**Directions:** Every line of the material below should be retyped exactly.

**Information provided:**
=====

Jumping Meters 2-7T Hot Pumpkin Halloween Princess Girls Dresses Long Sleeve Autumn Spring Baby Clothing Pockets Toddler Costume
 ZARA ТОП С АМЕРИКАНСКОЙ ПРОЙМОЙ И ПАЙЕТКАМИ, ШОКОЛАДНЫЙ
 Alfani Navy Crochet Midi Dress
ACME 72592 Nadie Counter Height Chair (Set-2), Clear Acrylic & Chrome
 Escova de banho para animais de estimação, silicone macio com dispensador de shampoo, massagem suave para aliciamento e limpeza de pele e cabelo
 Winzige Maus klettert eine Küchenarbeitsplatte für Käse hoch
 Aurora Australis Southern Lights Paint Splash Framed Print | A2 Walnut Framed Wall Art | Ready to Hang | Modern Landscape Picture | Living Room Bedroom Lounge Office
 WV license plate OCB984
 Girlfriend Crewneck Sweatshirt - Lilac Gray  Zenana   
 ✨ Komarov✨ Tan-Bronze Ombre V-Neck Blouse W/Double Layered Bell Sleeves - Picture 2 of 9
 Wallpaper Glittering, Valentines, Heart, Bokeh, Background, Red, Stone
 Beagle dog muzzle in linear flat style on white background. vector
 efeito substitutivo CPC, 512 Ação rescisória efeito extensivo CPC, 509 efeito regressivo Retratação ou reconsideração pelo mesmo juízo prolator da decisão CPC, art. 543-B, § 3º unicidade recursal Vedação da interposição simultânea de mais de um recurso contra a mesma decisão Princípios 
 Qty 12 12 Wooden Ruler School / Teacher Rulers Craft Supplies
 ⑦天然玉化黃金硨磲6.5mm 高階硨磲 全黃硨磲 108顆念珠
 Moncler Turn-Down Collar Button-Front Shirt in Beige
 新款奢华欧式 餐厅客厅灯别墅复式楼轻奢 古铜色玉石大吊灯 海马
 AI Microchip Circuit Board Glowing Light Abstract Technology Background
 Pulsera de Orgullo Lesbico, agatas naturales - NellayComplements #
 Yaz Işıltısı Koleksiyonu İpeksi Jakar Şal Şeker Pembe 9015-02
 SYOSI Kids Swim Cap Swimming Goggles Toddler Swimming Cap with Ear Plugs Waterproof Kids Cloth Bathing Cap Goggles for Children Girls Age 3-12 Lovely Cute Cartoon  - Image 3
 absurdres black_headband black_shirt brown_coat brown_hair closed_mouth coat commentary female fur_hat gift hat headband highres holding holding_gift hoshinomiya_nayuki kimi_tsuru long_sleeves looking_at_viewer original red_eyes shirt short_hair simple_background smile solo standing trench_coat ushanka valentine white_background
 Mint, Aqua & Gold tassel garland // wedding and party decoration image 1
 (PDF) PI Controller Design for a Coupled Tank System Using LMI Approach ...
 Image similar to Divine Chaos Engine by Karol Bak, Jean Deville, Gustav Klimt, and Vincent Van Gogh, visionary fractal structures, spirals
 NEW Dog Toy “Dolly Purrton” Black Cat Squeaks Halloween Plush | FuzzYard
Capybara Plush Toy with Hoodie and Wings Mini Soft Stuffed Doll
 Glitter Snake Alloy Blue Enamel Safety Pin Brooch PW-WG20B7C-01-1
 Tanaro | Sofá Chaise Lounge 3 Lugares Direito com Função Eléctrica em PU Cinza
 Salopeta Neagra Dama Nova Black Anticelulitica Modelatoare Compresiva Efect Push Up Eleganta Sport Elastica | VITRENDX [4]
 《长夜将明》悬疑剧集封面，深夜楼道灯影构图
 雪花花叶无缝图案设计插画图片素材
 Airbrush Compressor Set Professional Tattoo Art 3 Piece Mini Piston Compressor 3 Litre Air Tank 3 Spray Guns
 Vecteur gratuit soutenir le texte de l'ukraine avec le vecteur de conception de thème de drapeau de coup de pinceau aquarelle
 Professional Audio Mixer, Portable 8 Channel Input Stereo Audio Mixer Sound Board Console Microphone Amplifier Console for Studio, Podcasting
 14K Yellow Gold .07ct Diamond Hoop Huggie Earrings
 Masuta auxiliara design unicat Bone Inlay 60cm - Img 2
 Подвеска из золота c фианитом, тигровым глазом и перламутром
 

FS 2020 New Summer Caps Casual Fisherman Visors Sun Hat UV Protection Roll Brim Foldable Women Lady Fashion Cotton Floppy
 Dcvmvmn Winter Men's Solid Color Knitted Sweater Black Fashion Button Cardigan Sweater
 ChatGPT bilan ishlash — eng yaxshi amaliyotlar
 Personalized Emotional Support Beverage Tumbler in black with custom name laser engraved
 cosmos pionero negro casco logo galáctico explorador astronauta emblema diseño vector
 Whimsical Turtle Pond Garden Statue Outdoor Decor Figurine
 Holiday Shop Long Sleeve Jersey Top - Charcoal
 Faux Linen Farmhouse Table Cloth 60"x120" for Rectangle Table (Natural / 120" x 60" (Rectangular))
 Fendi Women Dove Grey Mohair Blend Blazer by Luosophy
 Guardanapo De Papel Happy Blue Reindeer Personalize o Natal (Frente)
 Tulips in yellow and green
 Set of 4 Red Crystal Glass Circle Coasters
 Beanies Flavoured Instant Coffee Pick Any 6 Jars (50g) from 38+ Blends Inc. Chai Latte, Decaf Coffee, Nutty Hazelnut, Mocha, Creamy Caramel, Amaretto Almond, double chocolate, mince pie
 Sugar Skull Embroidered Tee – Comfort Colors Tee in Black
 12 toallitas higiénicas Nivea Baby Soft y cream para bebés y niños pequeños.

=====

**Response:**
Jumping Meters 2-7T Hot Pumpkin Halloween Princess Girls Dresses Long Sleeve Autumn Spring Baby Clothing Pockets Toddler Costume
 ZARA ТОП С АМЕРИКАНСКОЙ ПРОЙМОЙ И ПАЙЕТКАМИ, ШОКОЛАДНЫЙ
 Alfani Navy Crochet Midi Dress
ACME 72592 Nadie Counter Height Chair (Set-2), Clear Acrylic & Chrome
 Escova de banho para animais de estimação, silicone macio com dispensador de shampoo, massagem suave para aliciamento e limpeza de pele e cabelo
 Winzige Maus klettert eine Küchenarbeitsplatte für Käse hoch
 Aurora Australis Southern Lights Paint Splash Framed Print | A2 Walnut Framed Wall Art | Ready to Hang | Modern Landscape Picture | Living Room Bedroom Lounge Office
 WV license plate OCB984
 Girlfriend Crewneck Sweatshirt - Lilac Gray  Zenana   
 ✨ Komarov✨ Tan-Bronze Ombre V-Neck Blouse W/Double Layered Bell Sleeves - Picture 2 of 9
 Wallpaper Glittering, Valentines, Heart, Bokeh, Background, Red, Stone
 Beagle dog muzzle in linear flat style on white background. vector
 efeito substitutivo CPC, 512 Ação rescisória efeito extensivo CPC, 509 efeito regressivo Retratação ou reconsideração pelo mesmo juízo prolator da decisão CPC, art. 543-B, § 3º unicidade recursal Vedação da interposição simultânea de mais de um recurso contra a mesma decisão Princípios 
 Qty 12 12 Wooden Ruler School / Teacher Rulers Craft Supplies
 ⑦天然玉化黃金硨磲6.5mm 高階硨磲 全黃硨磲 108顆念珠
 Moncler Turn-Down Collar Button-Front Shirt in Beige
 新款奢华欧式 餐厅客厅灯别墅复式楼轻奢 古铜色玉石大吊灯 海马
 AI Microchip Circuit Board Glowing Light Abstract Technology Background
 Pulsera de Orgullo Lesbico, agatas naturales - NellayComplements #
 Yaz Işıltısı Koleksiyonu İpeksi Jakar Şal Şeker Pembe 9015-02
 SYOSI Kids Swim Cap Swimming Goggles Toddler Swimming Cap with Ear Plugs Waterproof Kids Cloth Bathing Cap Goggles for Children Girls Age 3-12 Lovely Cute Cartoon  - Image 3
 absurdres black_headband black_shirt brown_coat brown_hair closed_mouth coat commentary female fur_hat gift hat headband highres holding holding_gift hoshinomiya_nayuki kimi_tsuru long_sleeves looking_at_viewer original red_eyes shirt short_hair simple_background smile solo standing trench_coat ushanka valentine white_background
 Mint, Aqua & Gold tassel garland // wedding and party decoration image 1
 (PDF) PI Controller Design for a Coupled Tank System Using LMI Approach ...
 Image similar to Divine Chaos Engine by Karol Bak, Jean Deville, Gustav Klimt, and Vincent Van Gogh, visionary fractal structures, spirals
 NEW Dog Toy “Dolly Purrton” Black Cat Squeaks Halloween Plush | FuzzYard
Capybara Plush Toy with Hoodie and Wings Mini Soft Stuffed Doll
 Glitter Snake Alloy Blue Enamel Safety Pin Brooch PW-WG20B7C-01-1
 Tanaro | Sofá Chaise Lounge 3 Lugares Direito com Função Eléctrica em PU Cinza
 Salopeta Neagra Dama Nova Black Anticelulitica Modelatoare Compresiva Efect Push Up Eleganta Sport Elastica | VITRENDX [4]
 《长夜将明》悬疑剧集封面，深夜楼道灯影构图
 雪花花叶无缝图案设计插画图片素材
 Airbrush Compressor Set Professional Tattoo Art 3 Piece Mini Piston Compressor 3 Litre Air Tank 3 Spray Guns
 Vecteur gratuit soutenir le texte de l'ukraine avec le vecteur de conception de thème de drapeau de coup de pinceau aquarelle
 Professional Audio Mixer, Portable 8 Channel Input Stereo Audio Mixer Sound Board Console Microphone Amplifier Console for Studio, Podcasting
 14K Yellow Gold .07ct Diamond Hoop Huggie Earrings
 Masuta auxiliara design unicat Bone Inlay 60cm - Img 2
 Подвеска из золота c фианитом, тигровым глазом и перламутром
 

FS 2020 New Summer Caps Casual Fisherman Visors Sun Hat UV Protection Roll Brim Foldable Women Lady Fashion Cotton Floppy
 Dcvmvmn Winter Men's Solid Color Knitted Sweater Black Fashion Button Cardigan Sweater
 ChatGPT bilan ishlash — eng yaxshi amaliyotlar
 Personalized Emotional Support Beverage Tumbler in black with custom name laser engraved
 cosmos pionero negro casco logo galáctico explorador astronauta emblema diseño vector
 Whimsical Turtle Pond Garden Statue Outdoor Decor Figurine
 Holiday Shop Long Sleeve Jersey Top - Charcoal
 Faux Linen Farmhouse Table Cloth 60"x120" for Rectangle Table (Natural / 120" x 60" (Rectangular))
 Fendi Women Dove Grey Mohair Blend Blazer by Luosophy
 Guardanapo De Papel Happy Blue Reindeer Personalize o Natal (Frente)
 Tulips in yellow and green
 Set of 4 Red Crystal Glass Circle Coasters
 Beanies Flavoured Instant Coffee Pick Any 6 Jars (50g) from 38+ Blends Inc. Chai Latte, Decaf Coffee, Nutty Hazelnut, Mocha, Creamy Caramel, Amaretto Almond, double chocolate, mince pie
 Sugar Skull Embroidered Tee – Comfort Colors Tee in Black
 12 toallitas higiénicas Nivea Baby Soft y cream para bebés y niños pequeños.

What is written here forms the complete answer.